> [Directions]
Return the stretch from the line with "Core Balance Pilatesball" through the line with "Jolie montre femme" in the data below, character for character, skipping all pictures.

━━━ Records shown

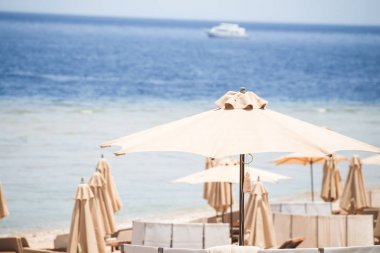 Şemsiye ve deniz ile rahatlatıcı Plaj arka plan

━━━━━━
━━━ Records shown

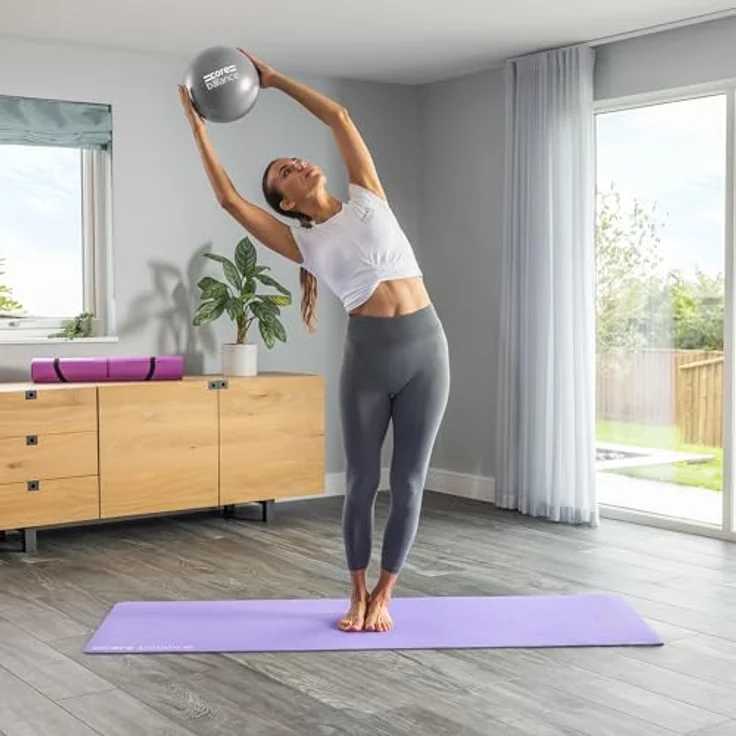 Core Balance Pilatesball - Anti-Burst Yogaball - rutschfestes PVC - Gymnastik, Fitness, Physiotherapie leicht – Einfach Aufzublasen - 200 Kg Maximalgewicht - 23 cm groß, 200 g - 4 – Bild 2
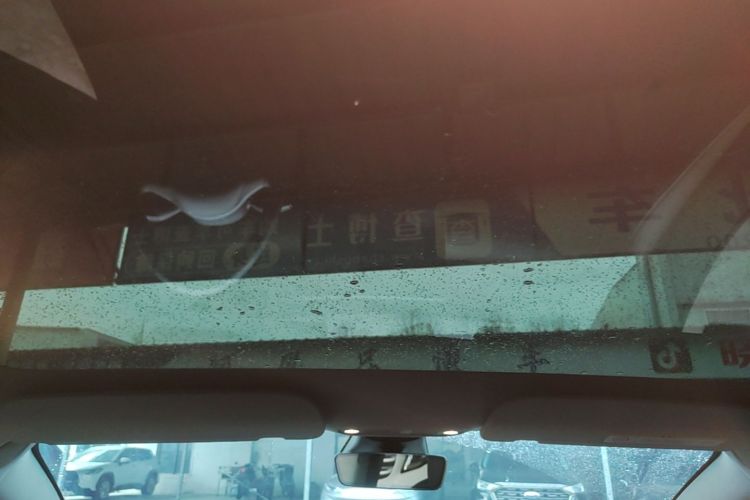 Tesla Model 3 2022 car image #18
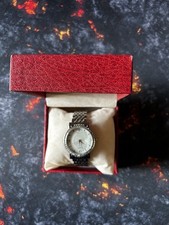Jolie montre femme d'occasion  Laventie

━━━━━━

> [Task answer]
 Core Balance Pilatesball - Anti-Burst Yogaball - rutschfestes PVC - Gymnastik, Fitness, Physiotherapie leicht – Einfach Aufzublasen - 200 Kg Maximalgewicht - 23 cm groß, 200 g - 4 – Bild 2
 Tesla Model 3 2022 car image #18
Jolie montre femme d'occasion  Laventie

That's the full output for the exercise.